= Olesýa Nazarenko =

Turkmen judoka

Olesya Nazarenko (born 21 March 1976) is an amateur wrestler, judoka and sambo player from Turkmenistan. She participated in the 1996 Summer Olympics's Judo Women's 72 kg event. She was the first woman to represent Turkmenistan at the Olympics.

==Early life==
Nazarenko was born on 21 March 1976 in Ashgabat, capital of Turkmenistan.

==Career==
Nazarenko won bronze medals in 72 kg category at the 1995 and 1997 Asian Judo Championships. Two years later, she bagged a silver at the 1999 Asian Judo Championships (63kg) and another bronze in 70-kg event in 2001 Asian Judo Championships. At the 1996 Summer Olympics, Nazarenko competed in the Judo Women's 72 kg category and was eliminated in the Round of 16. In 1999, she won the World Sambo Championships held in Spain.
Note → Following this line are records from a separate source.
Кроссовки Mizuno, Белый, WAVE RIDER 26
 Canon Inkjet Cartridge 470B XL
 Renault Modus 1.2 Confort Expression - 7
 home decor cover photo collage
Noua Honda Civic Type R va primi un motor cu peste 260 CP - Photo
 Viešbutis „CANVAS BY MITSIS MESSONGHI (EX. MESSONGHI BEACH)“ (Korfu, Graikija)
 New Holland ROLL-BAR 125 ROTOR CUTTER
She has also served as a sports coach at the National Institute of Sports and Tourism of Turkmenistan.

After moving to Russia in 2004, Nazarenko was a part of the Russian national teams in judo and sambo till 2009, competing in several national and international championships.

==Personal life==
Nazarenko is married with one son and lives in Kotelniki, Moscow Oblast.